Because pandas is an optional dependency, we also allow running the tests
without pandas (through a marker), and so all tests using pandas are in
practice marked with `@pytest.mark.pandas`. But that also means that if it can
easily be avoided using pandas (like in this case, it's actually not more code
to not use pandas), it's best to do so.
##########
python/pyarrow/tests/parquet/test_parquet_file.py:
##########
@@ -277,3 +278,77 @@ def test_pre_buffer(pre_buffer):
buf.seek(0)
pf = pq.ParquetFile(buf, pre_buffer=pre_buffer)
assert pf.read().num_rows == N
+
+
+def test_parquet_file_explicitly_closed(tmpdir):
+ """
+ Unopened files should be closed explicitly after use,
+ and previously opened files should be left open.
+ Applies to read_table, ParquetDataset, and ParquetFile
+ """
+ # create test parquet file
+ df = pd.DataFrame([{'col1': 0, 'col2': 0}, {'col1': 1, 'col2': 1}])
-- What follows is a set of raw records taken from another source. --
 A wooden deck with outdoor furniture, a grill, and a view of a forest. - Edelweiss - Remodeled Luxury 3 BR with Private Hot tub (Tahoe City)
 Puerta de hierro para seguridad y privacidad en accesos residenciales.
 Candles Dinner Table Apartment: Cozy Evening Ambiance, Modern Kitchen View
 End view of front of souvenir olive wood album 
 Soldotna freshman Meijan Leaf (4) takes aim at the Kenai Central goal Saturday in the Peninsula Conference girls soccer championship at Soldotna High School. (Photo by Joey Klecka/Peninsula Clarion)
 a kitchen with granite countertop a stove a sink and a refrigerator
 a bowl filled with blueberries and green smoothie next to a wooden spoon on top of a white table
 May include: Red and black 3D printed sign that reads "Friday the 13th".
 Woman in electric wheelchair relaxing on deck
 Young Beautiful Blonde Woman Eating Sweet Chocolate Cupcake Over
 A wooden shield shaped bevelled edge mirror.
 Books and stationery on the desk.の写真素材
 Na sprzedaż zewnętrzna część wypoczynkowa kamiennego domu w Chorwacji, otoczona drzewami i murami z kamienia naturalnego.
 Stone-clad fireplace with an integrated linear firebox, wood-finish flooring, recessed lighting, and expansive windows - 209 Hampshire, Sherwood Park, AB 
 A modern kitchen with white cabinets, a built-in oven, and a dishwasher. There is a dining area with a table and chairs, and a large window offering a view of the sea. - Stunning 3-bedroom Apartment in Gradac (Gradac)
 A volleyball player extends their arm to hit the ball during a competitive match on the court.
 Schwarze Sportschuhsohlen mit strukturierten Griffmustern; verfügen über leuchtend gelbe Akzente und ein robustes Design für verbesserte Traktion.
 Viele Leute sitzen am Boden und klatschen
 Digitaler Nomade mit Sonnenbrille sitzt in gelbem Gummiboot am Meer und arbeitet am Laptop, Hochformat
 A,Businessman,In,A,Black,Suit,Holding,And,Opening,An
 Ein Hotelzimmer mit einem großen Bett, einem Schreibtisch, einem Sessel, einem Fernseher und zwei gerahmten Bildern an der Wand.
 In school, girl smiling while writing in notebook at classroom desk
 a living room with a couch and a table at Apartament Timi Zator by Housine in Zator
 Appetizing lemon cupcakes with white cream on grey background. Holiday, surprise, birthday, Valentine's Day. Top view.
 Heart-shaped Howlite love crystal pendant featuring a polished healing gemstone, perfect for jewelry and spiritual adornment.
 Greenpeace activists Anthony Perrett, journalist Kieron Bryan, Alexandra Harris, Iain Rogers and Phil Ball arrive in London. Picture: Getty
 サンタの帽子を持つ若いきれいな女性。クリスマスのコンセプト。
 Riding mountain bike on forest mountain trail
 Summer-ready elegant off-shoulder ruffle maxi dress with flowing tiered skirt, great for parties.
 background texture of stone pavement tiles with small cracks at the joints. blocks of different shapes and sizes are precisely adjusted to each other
+ fn = str(tmpdir.join('file.parquet'))
+ df.to_parquet(fn)
+
+ pytest.importorskip('fsspec')
Review Comment:
Although, with the mock approach, could we also mock NativeFile.close to
check that this is called? (that's the file object that will be created when
using the built-in filesystems) In that case we maybe don't need the
LocalTempFile / TestFileSystem at all.
##########
python/pyarrow/tests/parquet/test_parquet_file.py:
##########
@@ -277,3 +278,77 @@ def test_pre_buffer(pre_buffer):
buf.seek(0)
pf = pq.ParquetFile(buf, pre_buffer=pre_buffer)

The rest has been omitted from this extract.